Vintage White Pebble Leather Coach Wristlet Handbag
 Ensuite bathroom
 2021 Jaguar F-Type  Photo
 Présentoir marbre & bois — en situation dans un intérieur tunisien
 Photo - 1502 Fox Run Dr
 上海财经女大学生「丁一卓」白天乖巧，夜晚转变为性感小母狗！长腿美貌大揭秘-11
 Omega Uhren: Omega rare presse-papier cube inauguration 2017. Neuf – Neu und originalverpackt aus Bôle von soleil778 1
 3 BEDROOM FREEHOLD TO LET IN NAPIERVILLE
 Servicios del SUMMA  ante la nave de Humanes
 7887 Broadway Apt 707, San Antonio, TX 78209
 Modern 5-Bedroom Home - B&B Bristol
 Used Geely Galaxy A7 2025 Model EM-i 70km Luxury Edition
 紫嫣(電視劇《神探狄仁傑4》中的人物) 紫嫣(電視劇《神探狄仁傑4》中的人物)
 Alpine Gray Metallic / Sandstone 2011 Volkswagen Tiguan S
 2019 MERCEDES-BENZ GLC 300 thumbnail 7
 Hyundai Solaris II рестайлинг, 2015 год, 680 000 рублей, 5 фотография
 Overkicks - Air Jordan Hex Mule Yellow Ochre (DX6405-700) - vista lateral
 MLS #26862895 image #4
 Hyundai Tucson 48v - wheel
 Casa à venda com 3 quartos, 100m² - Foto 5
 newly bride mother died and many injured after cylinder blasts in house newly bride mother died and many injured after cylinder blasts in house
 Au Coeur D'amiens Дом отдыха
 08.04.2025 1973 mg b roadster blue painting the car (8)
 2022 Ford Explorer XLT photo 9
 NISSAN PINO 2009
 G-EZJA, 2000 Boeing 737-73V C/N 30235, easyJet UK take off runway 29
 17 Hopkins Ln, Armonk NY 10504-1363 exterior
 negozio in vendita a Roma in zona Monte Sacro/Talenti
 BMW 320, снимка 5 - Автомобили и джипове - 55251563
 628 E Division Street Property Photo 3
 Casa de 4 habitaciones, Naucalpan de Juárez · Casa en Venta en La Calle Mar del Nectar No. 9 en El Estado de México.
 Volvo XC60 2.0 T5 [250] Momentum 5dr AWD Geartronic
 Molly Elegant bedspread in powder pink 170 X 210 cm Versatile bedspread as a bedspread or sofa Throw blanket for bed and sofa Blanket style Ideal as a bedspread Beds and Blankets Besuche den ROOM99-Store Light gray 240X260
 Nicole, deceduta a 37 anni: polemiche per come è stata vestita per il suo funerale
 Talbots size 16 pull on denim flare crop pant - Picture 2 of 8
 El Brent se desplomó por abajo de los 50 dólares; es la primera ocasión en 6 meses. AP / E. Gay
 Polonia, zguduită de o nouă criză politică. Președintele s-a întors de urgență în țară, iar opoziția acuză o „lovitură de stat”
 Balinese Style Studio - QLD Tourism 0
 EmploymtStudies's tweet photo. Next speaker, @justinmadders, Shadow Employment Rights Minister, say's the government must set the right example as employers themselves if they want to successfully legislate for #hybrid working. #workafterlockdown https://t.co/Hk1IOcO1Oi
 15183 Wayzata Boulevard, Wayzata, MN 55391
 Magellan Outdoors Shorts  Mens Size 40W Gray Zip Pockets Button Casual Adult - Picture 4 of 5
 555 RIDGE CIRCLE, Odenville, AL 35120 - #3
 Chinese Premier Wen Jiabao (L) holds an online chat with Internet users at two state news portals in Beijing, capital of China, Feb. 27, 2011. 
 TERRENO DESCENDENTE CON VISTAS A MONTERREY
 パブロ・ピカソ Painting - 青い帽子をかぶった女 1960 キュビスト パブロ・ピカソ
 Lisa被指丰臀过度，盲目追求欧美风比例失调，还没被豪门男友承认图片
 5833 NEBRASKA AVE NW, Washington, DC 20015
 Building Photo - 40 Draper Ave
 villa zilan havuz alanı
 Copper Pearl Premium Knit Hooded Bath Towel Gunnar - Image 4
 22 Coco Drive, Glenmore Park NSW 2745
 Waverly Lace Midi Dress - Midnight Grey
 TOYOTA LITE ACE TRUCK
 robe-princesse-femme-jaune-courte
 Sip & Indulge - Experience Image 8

■ ■ ■

> How to complete this task: Using the entries above, output exactly the lines between the line holding "MLS #26862895 image #4" and the line holding "Volvo XC60 2.0", end lines included, and nothing more.

> Result below:
 MLS #26862895 image #4
 Hyundai Tucson 48v - wheel
 Casa à venda com 3 quartos, 100m² - Foto 5
 newly bride mother died and many injured after cylinder blasts in house newly bride mother died and many injured after cylinder blasts in house
 Au Coeur D'amiens Дом отдыха
 08.04.2025 1973 mg b roadster blue painting the car (8)
 2022 Ford Explorer XLT photo 9
 NISSAN PINO 2009
 G-EZJA, 2000 Boeing 737-73V C/N 30235, easyJet UK take off runway 29
 17 Hopkins Ln, Armonk NY 10504-1363 exterior
 negozio in vendita a Roma in zona Monte Sacro/Talenti
 BMW 320, снимка 5 - Автомобили и джипове - 55251563
 628 E Division Street Property Photo 3
 Casa de 4 habitaciones, Naucalpan de Juárez · Casa en Venta en La Calle Mar del Nectar No. 9 en El Estado de México.
 Volvo XC60 2.0 T5 [250] Momentum 5dr AWD Geartronic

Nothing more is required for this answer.